L’attestation d’accueil concerne tout étranger souhaitant séjourner moins de 3 mois en France, dans le cadre d’une visite privée ou familiale, sauf :
ressortissant d’un pays de l’Espace économique européen, suisse, andorran ou monégasque
titulaire d’un visa de circulation Schengen, valable 1 an minimum pour plusieurs entrées
titulaire d’un visa carte de séjour à solliciter dans les 2 mois suivant l’arrivée,
personne effectuant un séjour humanitaire ou dans le cadre d’un échange culturel, sous conditions
Attention, l’attestation d’accueil est payante (30 €).
Pièces à fournir
La demande est faite et signée sur place sur le formulaire cerfa n°10798*03, remis au guichet de la mairie.
Le demandeur doit présenter les originaux des pièces suivantes :
justificatif d’identité (carte d’identité ou passeport pour le Français, l’Européen ou le Suisse ; titre de séjour pour les autres étrangers impérativement à la bonne d-adresse),
Si vous êtes locataire : contrat de location + dernière quittance de loyer
Si vous êtes propriétaire : acte de propriété + dernier avis de taxe foncière
justificatif de domicile (quittance de téléphone ou EDF ou EAUX) ;
tout document justifiant ses ressources (3 derniers bulletins de salaire, dernier avis d’imposition, indemnités chômage ou retraite, allocations familiales) et son engagement à prendre en charge financièrement l’étranger s’il est défaillant,
tout document sur sa capacité à héberger le ou les étrangers dans des conditions normales de logement (en termes de superficie, de sécurité, de salubrité et de confort du logement),
un timbre fiscal pour un montant de 30 €
si l’attestation d’accueil concerne un mineur non accompagné, une attestation sur papier libre des détenteurs de l’autorité parentale, précisant la durée et l’objet du séjour de l’enfant + copie de la pièce d’identité du signataire de l’attestation.

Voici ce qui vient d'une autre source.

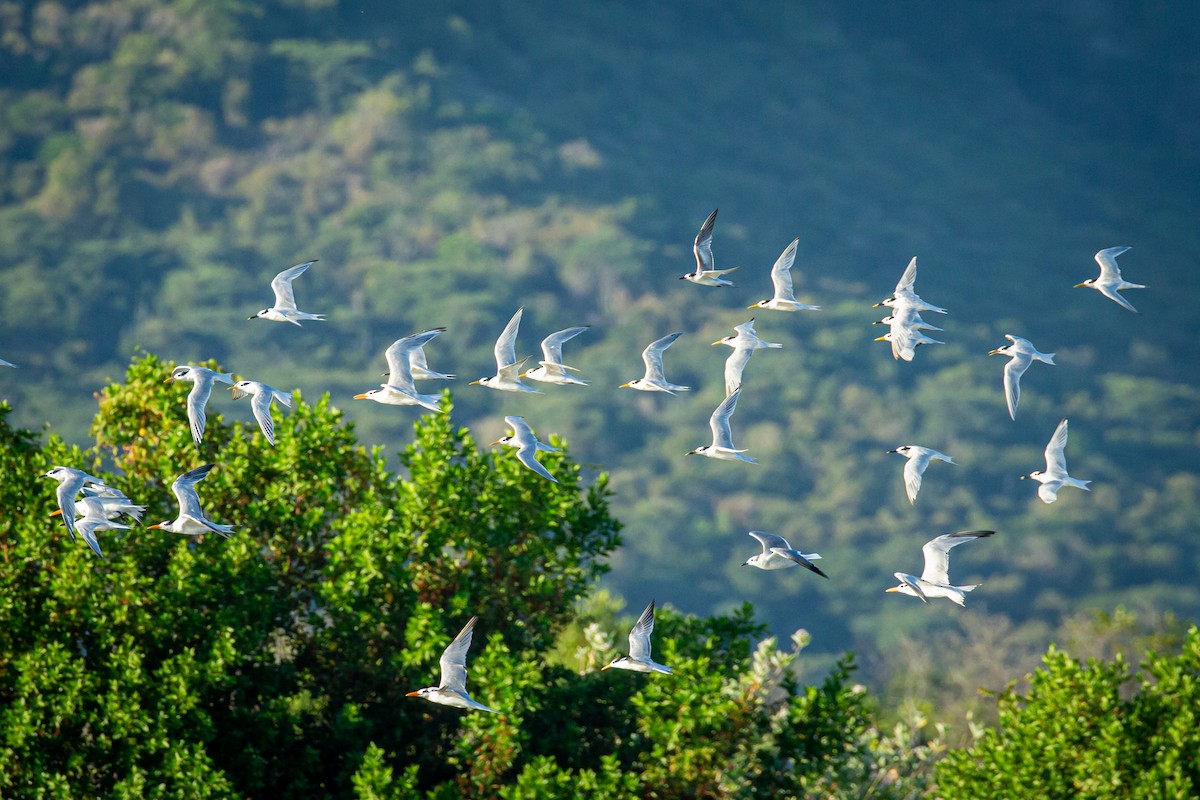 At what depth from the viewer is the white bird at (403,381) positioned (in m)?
20.4

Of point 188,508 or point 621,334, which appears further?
point 621,334

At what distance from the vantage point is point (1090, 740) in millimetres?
19969

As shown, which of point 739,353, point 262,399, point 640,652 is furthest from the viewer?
point 739,353

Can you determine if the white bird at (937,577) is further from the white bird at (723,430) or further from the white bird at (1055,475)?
the white bird at (723,430)

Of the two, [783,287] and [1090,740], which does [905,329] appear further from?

Se munir du numéro de passeport du ou des visiteurs, qui doit être inscrit sur le formulaire (ainsi que les dates de délivrance et d’expiration et lieu d’établissement) + état civil et adresse de la personne hébergée + dates exactes du séjour
À noter
Un justificatif d’assurance est exigé au consulat (prise soit par l’hébergeant soit par l’hébergé et présenté aux autorités consulaires lors de la demande de visa) ;
L’appréciation des conditions de logement est rétablie et des enquêtes au domicile sont possibles ;
L’engagement de l’hébergeant à prendre en charge les frais de séjour de l’hébergé si celui-ci ne peut le faire.

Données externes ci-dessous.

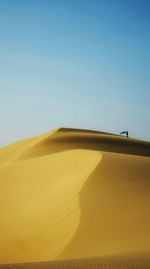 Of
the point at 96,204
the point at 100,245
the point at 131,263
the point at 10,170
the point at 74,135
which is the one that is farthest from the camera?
the point at 74,135

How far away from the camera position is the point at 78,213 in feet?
28.0

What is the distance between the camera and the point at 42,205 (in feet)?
34.8

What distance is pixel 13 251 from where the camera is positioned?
812 cm

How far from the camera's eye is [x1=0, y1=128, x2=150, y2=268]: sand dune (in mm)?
6125

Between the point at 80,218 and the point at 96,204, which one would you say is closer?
the point at 80,218

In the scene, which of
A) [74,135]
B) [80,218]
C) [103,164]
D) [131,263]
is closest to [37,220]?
[80,218]

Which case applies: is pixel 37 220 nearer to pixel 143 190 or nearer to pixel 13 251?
pixel 13 251

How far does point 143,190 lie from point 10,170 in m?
8.57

Délivrance de l’attestation
Le délai d’obtention est habituellement entre 2 et 4 semaines.
La validation permet notamment au maire de vérifier que le signataire de l’attestation :
est bien la personne qui déclare accueillir le ou les visiteurs étrangers,
et qu’il peut héberger ses visiteurs dans des conditions normales de logement.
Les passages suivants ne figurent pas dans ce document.